グレイは女の言葉を聞きながらも、“現場”を注視していた。昨晩、“白布の殺人鬼”の犠牲となったカレンの姿を思い起こしながら。
当然ながら片付けられ、死体も物品も残ってはいない。だが、目を凝らせば、痕跡を薄く見つけることは出来る。
露出した湿った地面に残る凹凸。恐らくは体の跡だろう。
石畳の破片に引っ掛かった赤い糸屑。確かあの時、カレンは扇情的な赤い服を着ていたはず。

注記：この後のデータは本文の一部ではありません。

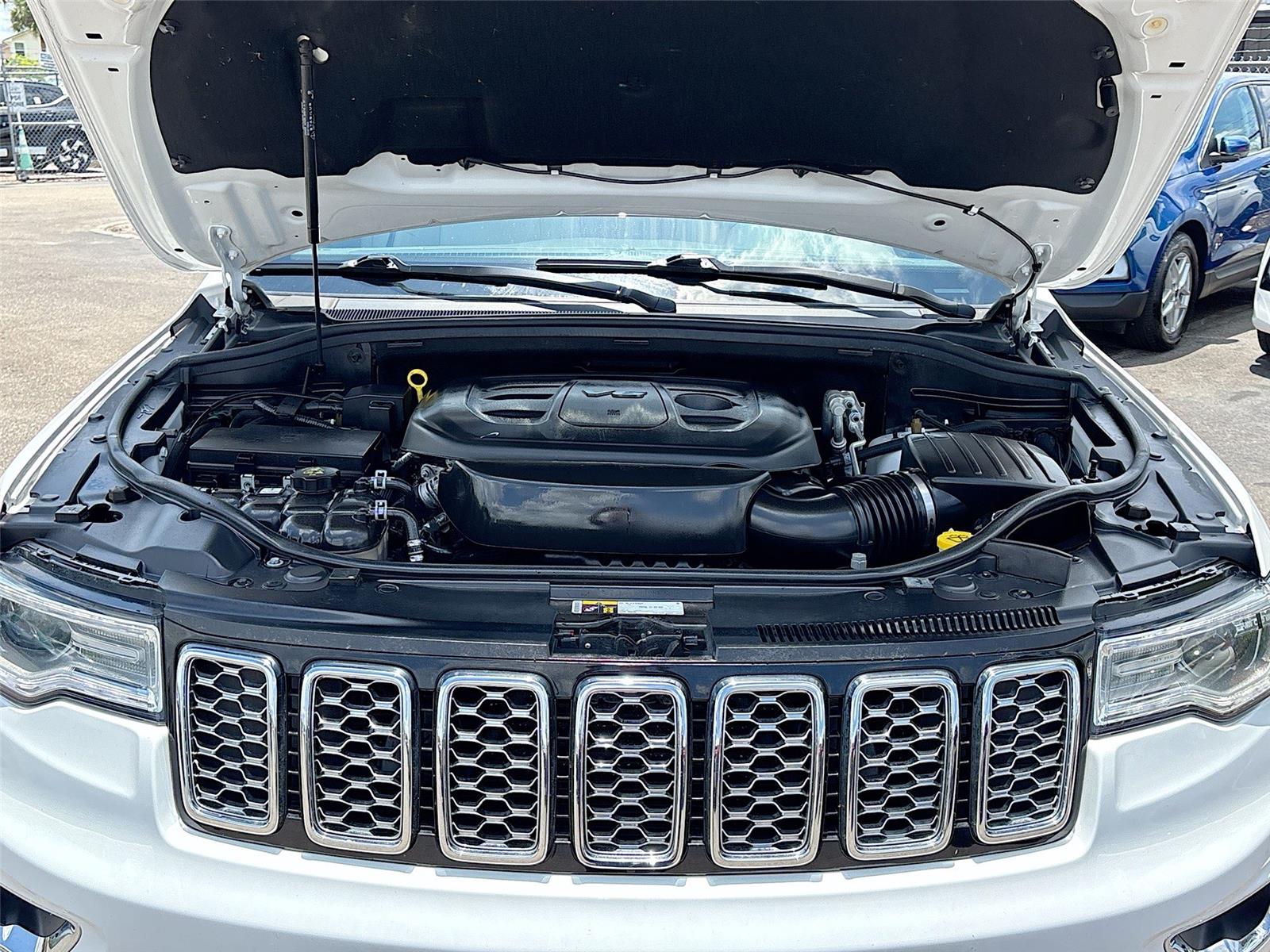2020 Jeep Grand Cherokee Overland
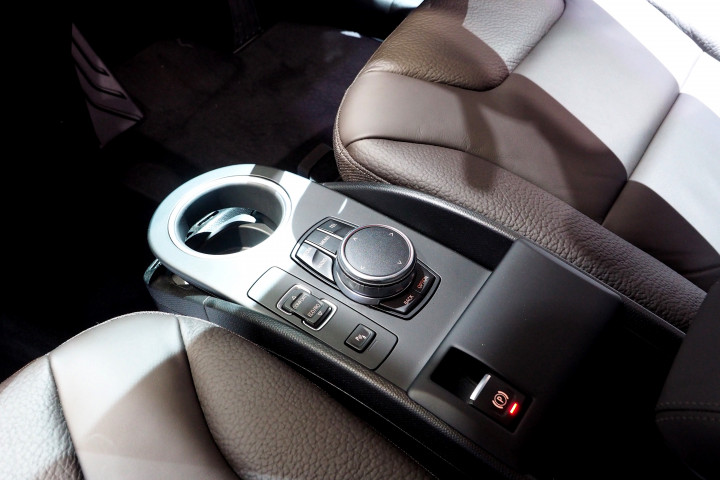 Hanya ada mode D-N-R di tuas persnelingnya. Sedangkan untuk P justru ada di konsol tengah, sepertinya menggantikan tuas rem tangan. 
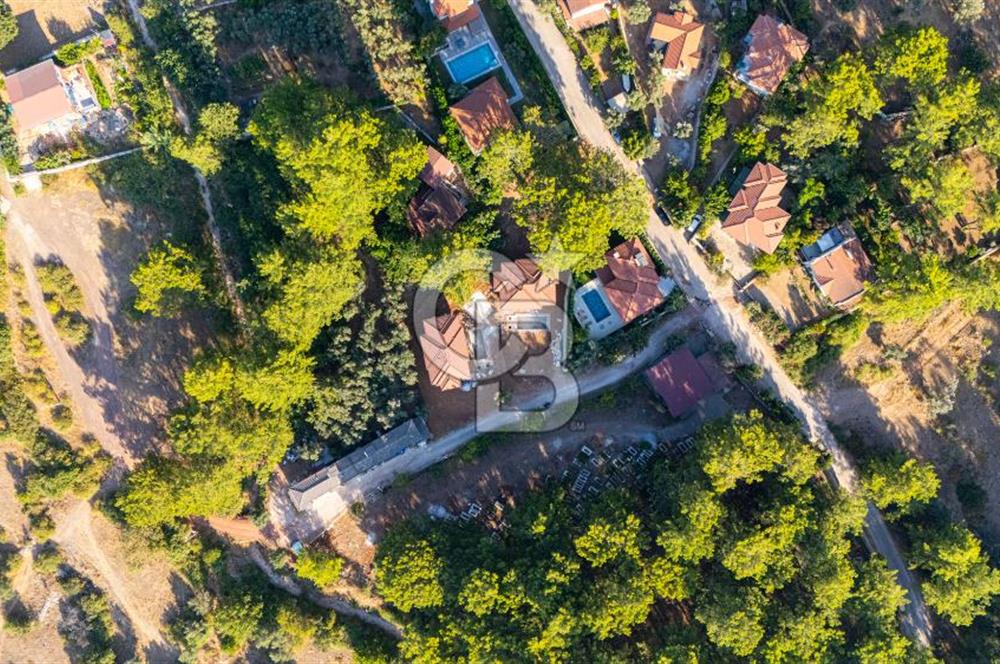 CB MARİNADAN SATILIK 400m2 BAHÇE ALANI VE 7x4 HAVUZLU 4+1 VİLLA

窪みに残る、青い粉状の破片。これは、例の青い花のブローチが割れたものだろうか。
「カレンが言ってたのって、たぶん、あんただよね?」
真剣に現場を見据えるグレイの横顔に、女は言葉を投げ掛ける。
「あの子、言ってたんだよ。灰色の髪の、少し怖そうな男の人が、ブローチを拾ってくれた、って」
グレイは視線だけを横にずらす。
女は、自分が備えた花を見つめている。
「あのブローチね、あの子の大事な、お守りみたいなものなんだってさ。母親か誰だかに買ってもらったって、そう言ってた」
グレイは視線を戻す。
少しだけ萎れている供えられた花が、石畳に寄りかかりながら微かに揺れる。
「……お前、名前は?」
「え? あ、あたしは、アガタだけど……」
唐突に名前を尋ねられ、困惑するアガタ。
そんなことはお構い無しに、グレイはコートのポケットに手を突っ込む。
「アガタ。これで改めて花を供えてやってくれ。余りは手間賃だ」
銀貨七枚。花を買ったとしても、十分過ぎる程に釣りが来る金額だ。
有無を言わせぬ態度で、グレイはアガタに銀貨を握らせる。
一瞬の逡巡。だが、アガタは突き返しはしなかった。
「は、はん! あたしが丸々使い込むとか、あんたはそう思わないのかい?」
「友人のために涙を流せる人間に、そんなことは出来んだろうな」
即答だった。
アガタは一瞬、呆気に取られた表情を浮かべて──微かに笑った。
対照的に、喪に服すように目を閉じるグレイ。
数秒の沈黙。そして、立ち上がろうとした時。
道の先の家の前に、一団が集まっているのが見えた。
「……あれは何だ?」
「さ、さあねえ……。確かあの家、兄弟が住んでたような気がするけど」
誰に尋ねるでもなく出たグレイの疑問と、それに答えるアガタ。
しばらくして、家の中から何かが運び出されていくのが見えた。
簡素な担架に載せられた、白い布に包まれた“何か”が。
その傍に居る、黒い法衣を纏った体格の良い背の高い男。彼は白い布に包まれた“何か”に向け、何やら祈りの言葉を唱えている。
「お前さん達、知らないのかい?」
いつの間にか外に出てきていた、近くの家の住人らしき老人。
老人は指を差しながらも、声を潜めて言う。
「あの家に住んでた兄弟の兄が、こないだ例の殺人鬼に殺されたんだよ。で、病気持ちだった弟も、今朝家の中で死んでたのが見つかったらしい。全く、救いが無いにも程があるねえ……」
耳を傾けながらも、グレイは黒い法衣を纏った男を見つめている。
法衣に刺繍された意匠に、祈りの言葉。どうやら極星教の神官らしい。
白い布に包まれた“それ”を何度も撫でるように、右手を動かす神官。袖口に縫い付けられている三つ並んだ白いボタンが、まるで星座を成すように白く輝く。
左手に持った豪奢な教典。魂の安寧を願う一節が、神官の低く野太い声で読み上げられていく。
左の袖口に煌めく、二つの白いボタン。
二つ。
三つあるべきはずのものが、その神官の法衣の左袖口に、欠けていたのだった。